Can I run Phi-3 Medium 14B (q3_k_m) on NVIDIA H100 PCIe?

check_circle
Perfect
Yes, you can run this model!
GPU VRAM
80.0GB
Required
5.6GB
Headroom
+74.4GB

VRAM Usage

0GB 7% used 80.0GB

Performance Estimate

Tokens/sec ~78.0
Batch size 26
Context 128000K

info Technical Analysis

The NVIDIA H100 PCIe, with its substantial 80GB of HBM2e VRAM and 2.0 TB/s memory bandwidth, is exceptionally well-suited for running the Phi-3 Medium 14B model. The model, when quantized to q3_k_m, requires only 5.6GB of VRAM, leaving a significant 74.4GB of headroom. This ample VRAM allows for large batch sizes and extended context lengths without encountering memory limitations. The H100's 14592 CUDA cores and 456 Tensor Cores provide substantial computational power for both inference and potential fine-tuning tasks.

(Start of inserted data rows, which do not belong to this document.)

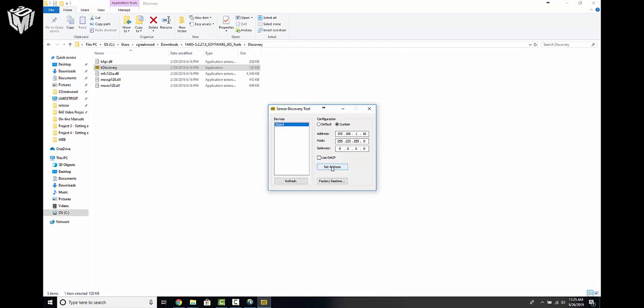You can either set the address or you can simply change your PC or laptop's local adapter to be on the same subnet as the sensor. But in this case, I'm going to change the IP address of the sensor.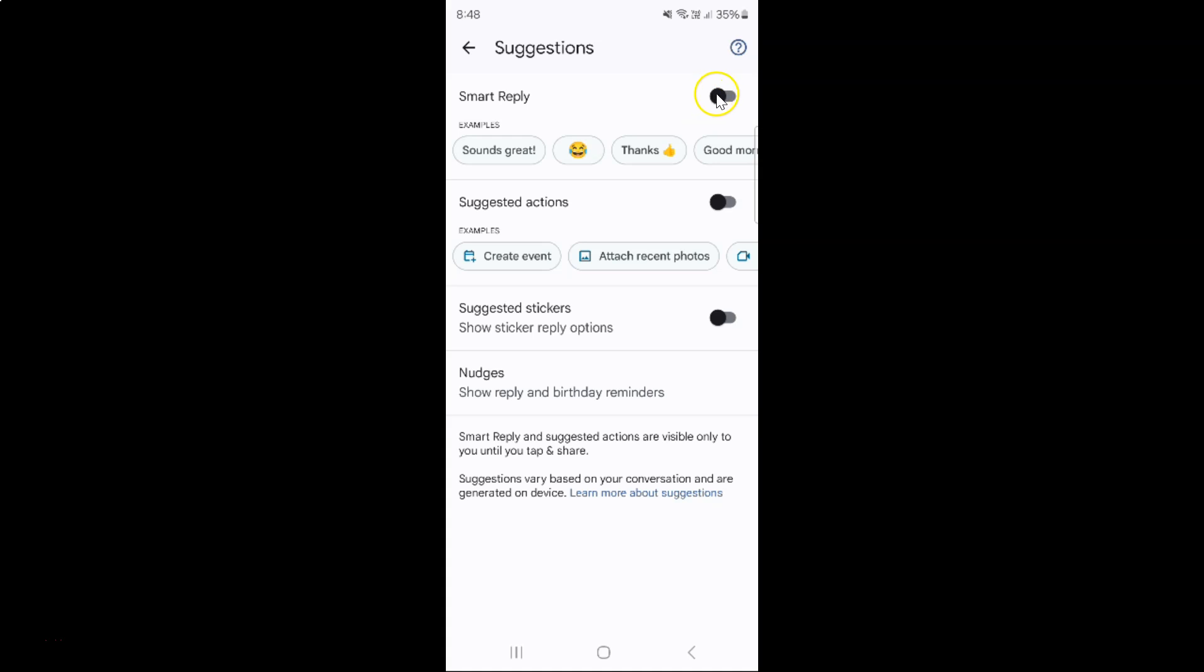you have to enable this toggle button next to it. To enable this toggle button, just tap on it so that this slider moves to the right. Let me show you - let me tap on it.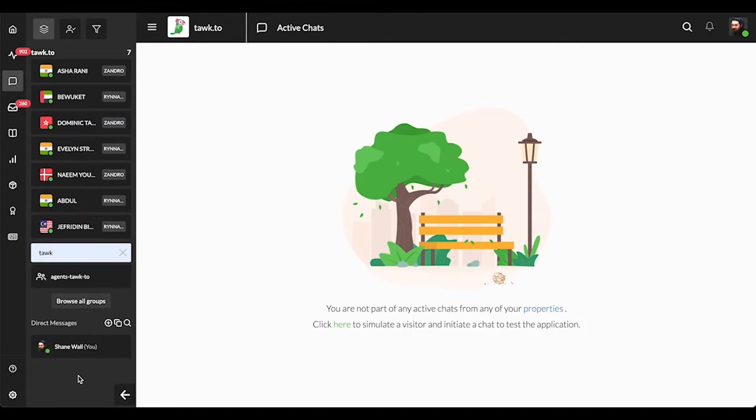G'day. In this quick video, I'll explain what your status means and show you how to change it in the dashboard.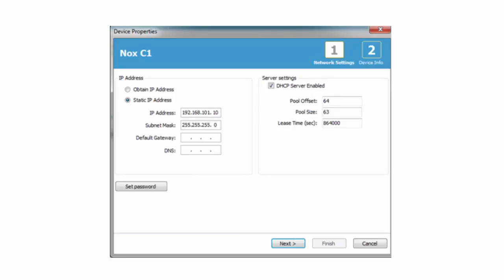The NOX C1 is shipped as a DHCP server with a fixed IP. The system settings can be changed within the NOX external software.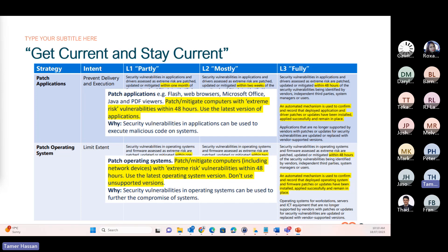With application patching, it's really focused on preventing the delivery and execution of threats through vulnerable applications — such as web browsers, plugins, or productivity apps — where a user might be tricked or baited into executing malicious code. With operating systems, patching is more focused on reducing the blast radius should a compromise occur. An example: an adversary has managed to come in through a vulnerable application and is trying to move laterally through flaws in the operating system.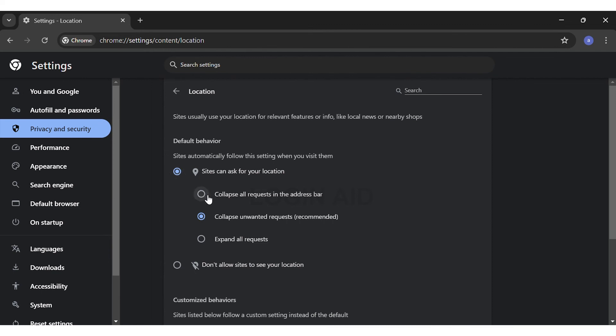You may either collapse unwanted requests, which is highly recommended, or you may choose expand all requests. Here you are recommended to choose collapse unwanted requests, which is already selected.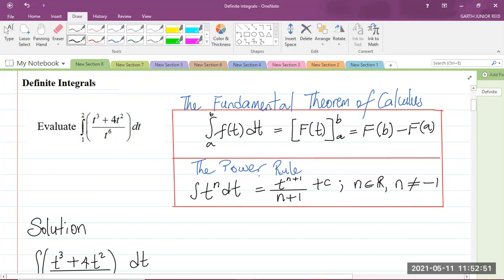Just to remind you about the power rule — it is here in the box — which says the integral of t to the power of n with respect to t is equal to t to the n plus 1 over n plus 1, plus c, where c is an arbitrary constant of integration, where n is a real number but n cannot be negative 1.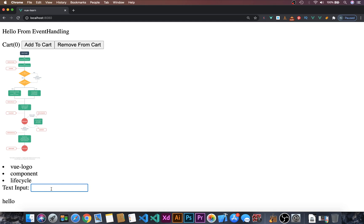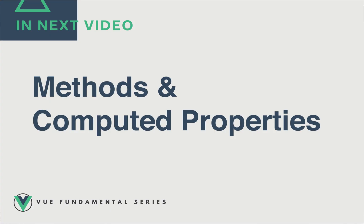We have covered a few of the event handlings. If you want to learn more, you can go to vuejs.org. In the next video, we will dive into methods and computed properties.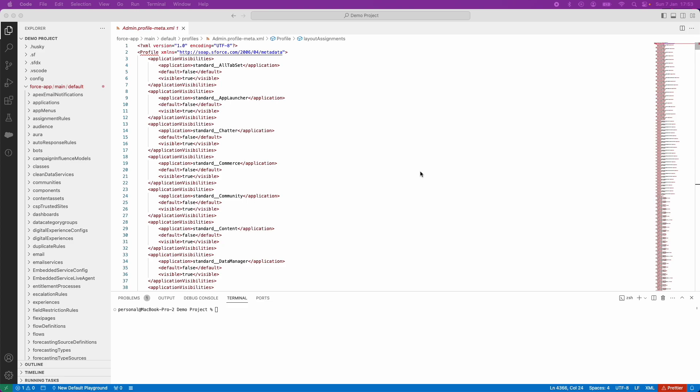In this video, we're going to combine these concepts together. When you create a blank profile using Workbench, the page layout assignments are unassigned. This creates a problem because ultimately within the Salesforce UI, you would have to go in against every Salesforce object and manually assign the page layout assignments.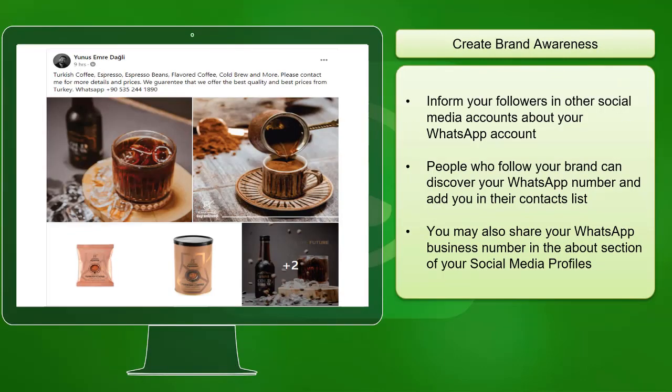Next, Create Brand Awareness. To build your contacts list on your WhatsApp Business account, you must inform your followers on your social media accounts about your WhatsApp business number. That way, your brand's followers can be aware that they can easily communicate with your brand using WhatsApp. You can share it in the About section of your social media profile or post a link to your WhatsApp number.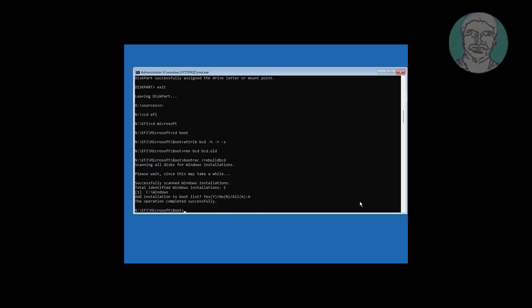Type bcdboot N:\windows /s N: /f all to recreate the boot files.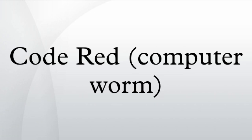Code Red was a computer worm observed on the Internet on July 15, 2001. It attacked computers running Microsoft's IIS web server.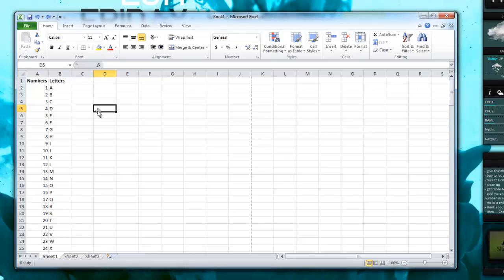If I print straight from Excel, it's going to print about four pages when really all this data could fit on about two if I just kind of snake the columns, almost like a newspaper column.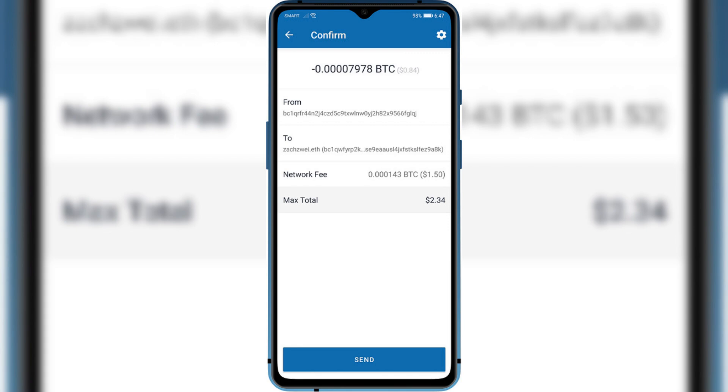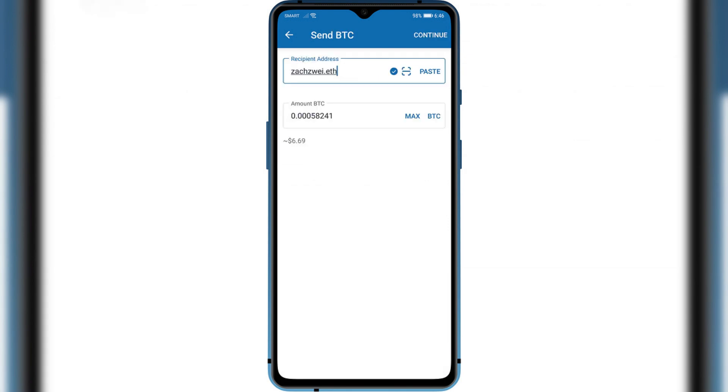Once you have adjusted the network fee to your preferences, tap on the Save or Confirm button to apply the changes.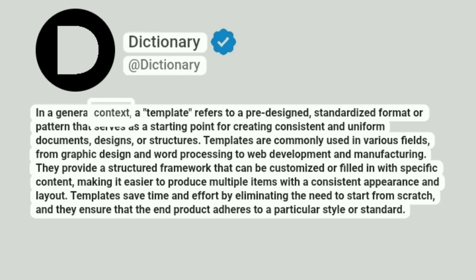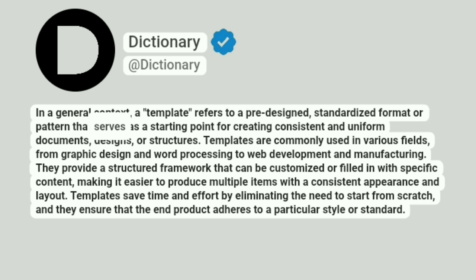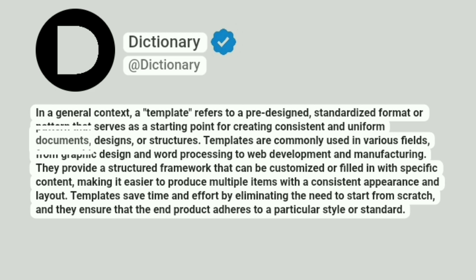In a general context, a template refers to a pre-designed, standardized format or pattern that serves as a starting point for creating consistent and uniform documents, designs, or structures.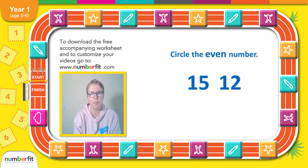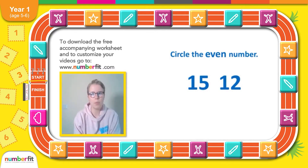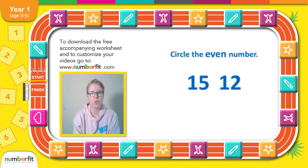Any number that we can divide by two is an even number. So we've got 15 and 12, and we'll be looking at the two times table. So if we count up in twos.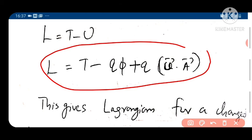So we might be asked to obtain the Lagrangian for a charged particle moving in an electromagnetic field, or asked to provide an example of a velocity-dependent potential — something where the potential depends on the velocity. The answer is L = T minus qφ plus q(V·A).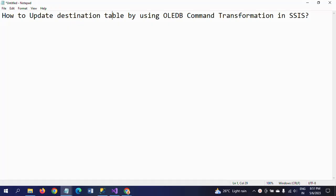Hello friends, this is Ramana. Today I will show a demo on how to update a destination table by using OLEDB Command Transformation in SSIS. If you want to update the data from the source to destination table...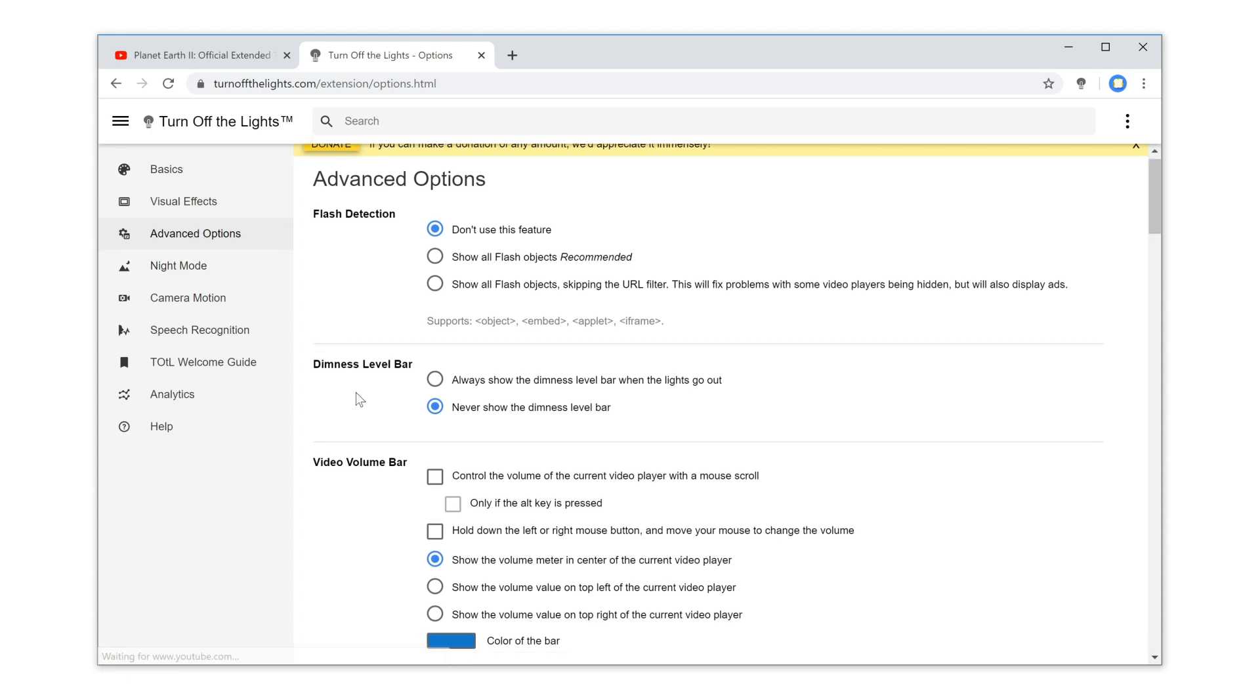Scroll down the web page until you see the topic Video Volume Bar. Finally, enable the first checkbox to get this feature enabled.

Given the memory bandwidth and compute capabilities of the H100, the Phi-3 Medium 14B model can leverage the hardware effectively. The estimated tokens/second generation rate of 78 is a strong indicator of responsive performance. The large VRAM headroom means that users can experiment with larger batch sizes (estimated at 26) to maximize throughput, especially when serving multiple concurrent requests. The Hopper architecture's optimizations for transformer models further enhance the efficiency of the inference process.

lightbulb Recommendation

For optimal performance, leverage an inference framework like vLLM or NVIDIA's TensorRT. These frameworks are designed to maximize throughput and minimize latency on NVIDIA GPUs. Experiment with different batch sizes to find the sweet spot between latency and throughput for your specific use case. Monitor GPU utilization to ensure the H100 is being fully utilized; if not, consider increasing the batch size or number of concurrent requests.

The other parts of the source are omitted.